Unfortunately, a water quality dispute involving state and federal regulators and the state’s Indian tribes is moving further away from resolution. The uncertainty over water quality standards has gotten so bad that Gov. Paul LePage is threatening to quit a system that allows the state to issue and monitor compliance with federal permits.
We understand the governor’s frustration with slow and contradictory decisions from the Environmental Protection Agency, but giving up the state’s authority to issue discharge permits is not the right solution.
If the state were to give up its authority, it would no longer have the ability to monitor compliance with the wastewater discharge permits issued to treatment plants, paper mills and others. It also would increase regulatory uncertainty for businesses and municipalities because they would deal with EPA officials instead of the Department of Environmental Protection staff they have worked with for years, Nick Bennett of the Natural Resources Council of Maine told MPBN earlier this month. Matt Manahan, an attorney who represents many permit holders along the Penobscot River, shared those concerns.
The DEP’s outgoing commissioner, Patricia Aho, encapsulated the LePage administration’s frustration in an Aug. 31 letter she sent to the EPA.

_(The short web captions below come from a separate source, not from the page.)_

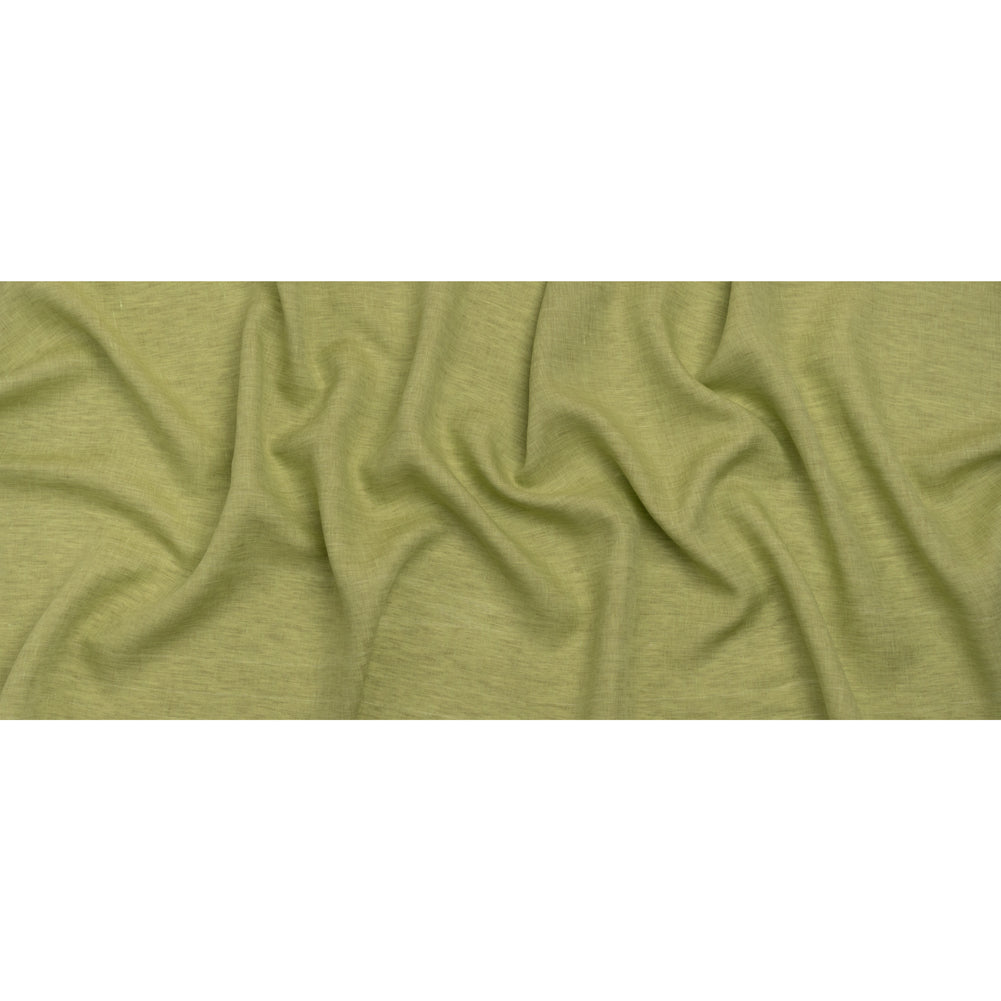 Two-Tone Lightweight Linen Woven - White and Lime Green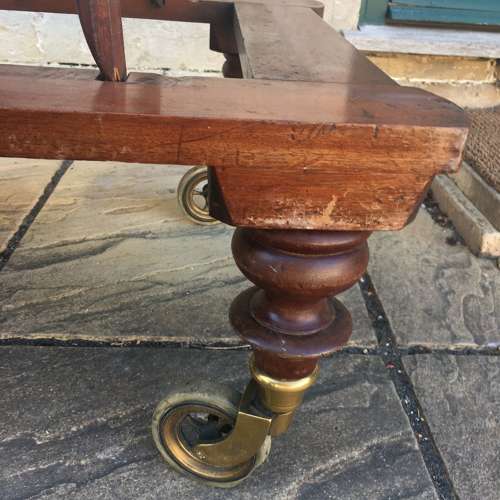 Mahogany campaign bed c1870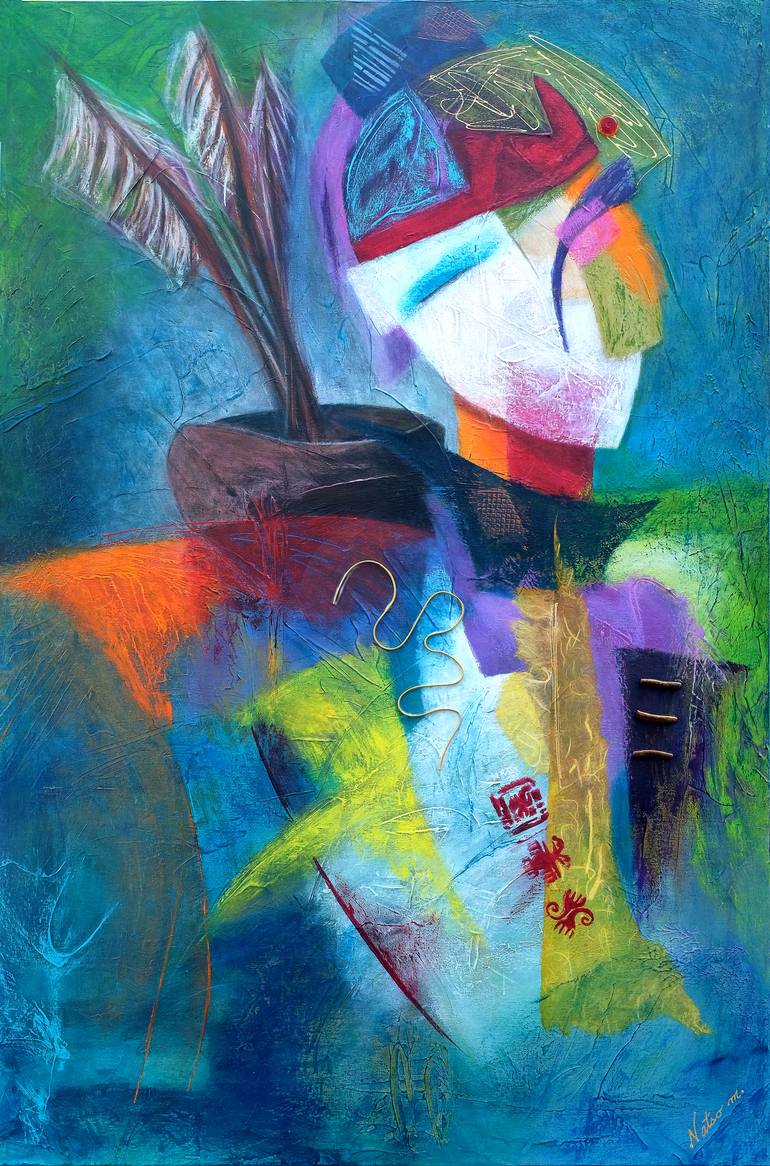 770x1166 Saatchi Art Adventurous Kalou Painting By Nathalie Marino - Marino Painting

“It is now clear to us that the only water quality standards that would be acceptable to the EPA are those imposed by the EPA,” she said in the letter.
“The imposition of federal standards on the state is de facto federalization of the program,” she said.
This “de facto federalization” runs counter to nearly 15 years of EPA and court decisions.
The state DEP was given authority by the EPA under the Clean Water Act to issue federal wastewater discharge permits in 2001, except in Indian territory, where the EPA said it needed more time to study what to do. Maine’s Indian tribes had objected to the state’s application for this authority, arguing that state rules were too lax.
Two years later, the EPA decided that the federal government would retain jurisdiction over wastewater treatment plants while the state would control the issuance of permits for other discharge sites, such as paper mills. Both the tribes and state sued the EPA. The state wanted full permitting authority; the tribes wanted EPA to have it.
A federal appeals court in 2007 rejected the tribes’ appeal of EPA’s delegation of authority to the state, concluding that the 1980 Maine Indian Land Claims Settlement Act gives the state unusual authority that supersedes tribal claims of sovereignty that would apply elsewhere in the U.S.
In February, the EPA reaffirmed the state’s authority to establish water quality standards for “waters in Indian lands.” But the agency then told the state that some of its water quality standards are not protective enough of tribal members.
State regulators were told they must rewrite some of the state’s water quality standards, dating from 2004 to 2013, for “waters in Indian lands” to ensure they are clean enough to allow tribal members to continue sustenance fishing. The tribes welcomed the decision.
But this appeared to set up an unworkable two-tiered system for permitting. In March, Attorney General Janet Mills said the state would challenge the EPA action in court. Weeks later, representatives of the Penobscot Nation and Passamaquoddy Tribe walked out of the state Legislature.
This impasse between the EPA and state, and the tribes and the state doesn’t benefit anyone. Instead, state, federal and tribal officials must find a way to move forward with a permitting program that protects water quality for tribal members and all Mainers. If the LePage administration removes itself from the clean water permitting and monitoring process this will hinder the common resolution that’s needed.